Dataset entries →
=======

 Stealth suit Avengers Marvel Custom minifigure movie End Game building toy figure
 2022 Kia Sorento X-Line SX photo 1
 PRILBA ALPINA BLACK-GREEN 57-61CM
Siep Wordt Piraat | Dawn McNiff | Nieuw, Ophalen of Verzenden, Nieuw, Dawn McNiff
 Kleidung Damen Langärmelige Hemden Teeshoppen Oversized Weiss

=======

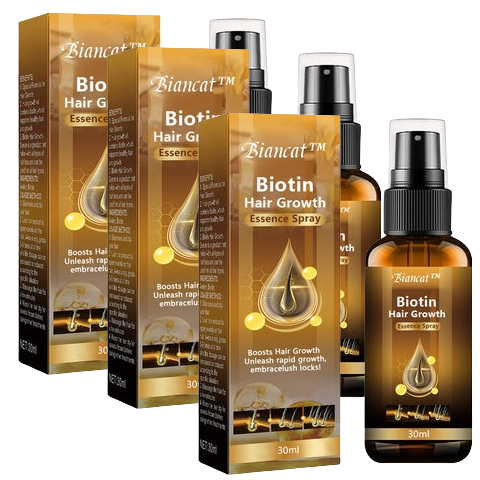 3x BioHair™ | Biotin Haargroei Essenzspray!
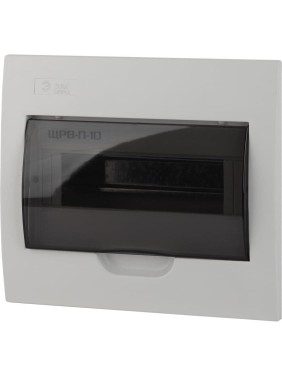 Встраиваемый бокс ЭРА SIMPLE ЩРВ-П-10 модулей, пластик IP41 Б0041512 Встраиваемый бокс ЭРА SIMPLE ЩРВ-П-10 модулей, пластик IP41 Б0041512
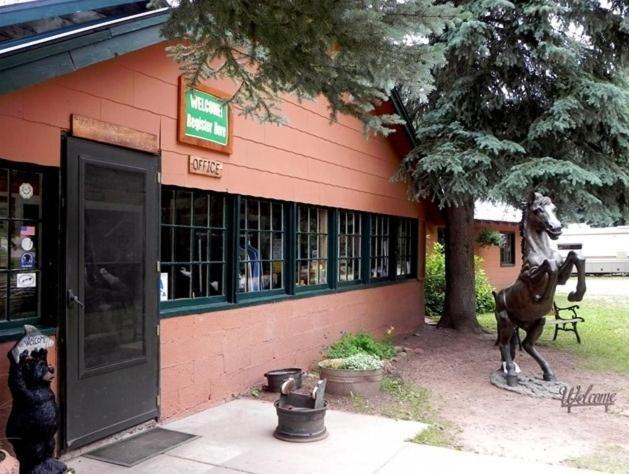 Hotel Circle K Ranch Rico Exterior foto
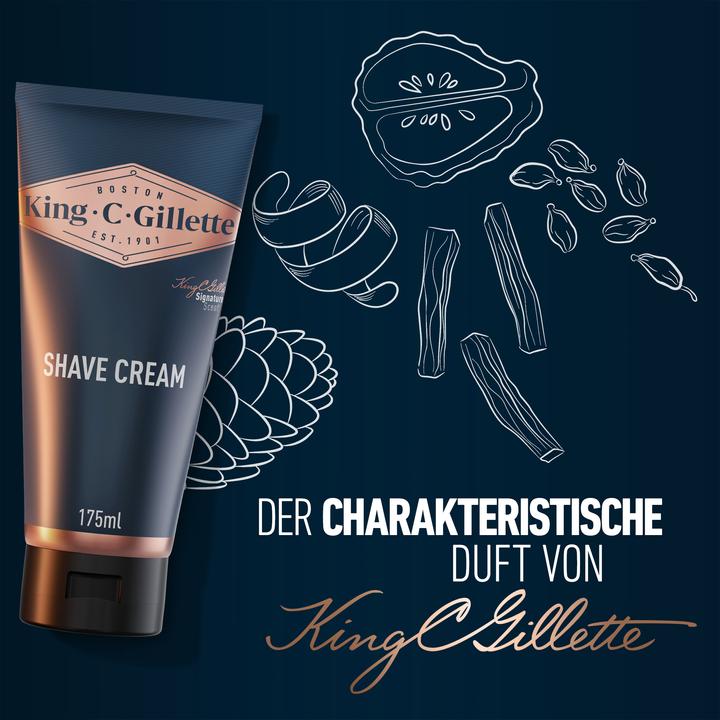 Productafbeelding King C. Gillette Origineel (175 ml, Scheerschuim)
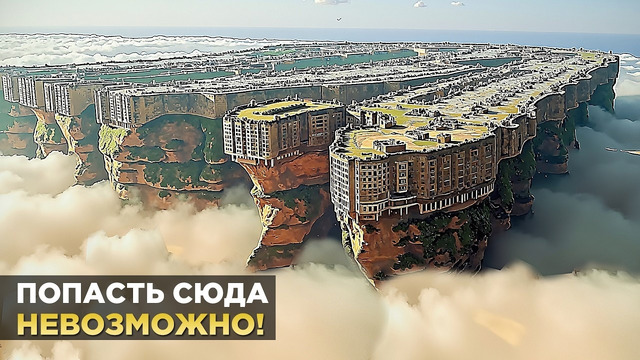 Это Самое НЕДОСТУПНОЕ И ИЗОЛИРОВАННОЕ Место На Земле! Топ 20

=======

Activity → Since the pictures are not part of the copy, please transcribe only the lines above from the one with "Hotel Circle K Ranch Rico Exterior foto" through the one with "Это Самое НЕДОСТУПНОЕ", exactly and with both ends.

Expected answer →
 Hotel Circle K Ranch Rico Exterior foto
 Productafbeelding King C. Gillette Origineel (175 ml, Scheerschuim)
 Это Самое НЕДОСТУПНОЕ И ИЗОЛИРОВАННОЕ Место На Земле! Топ 20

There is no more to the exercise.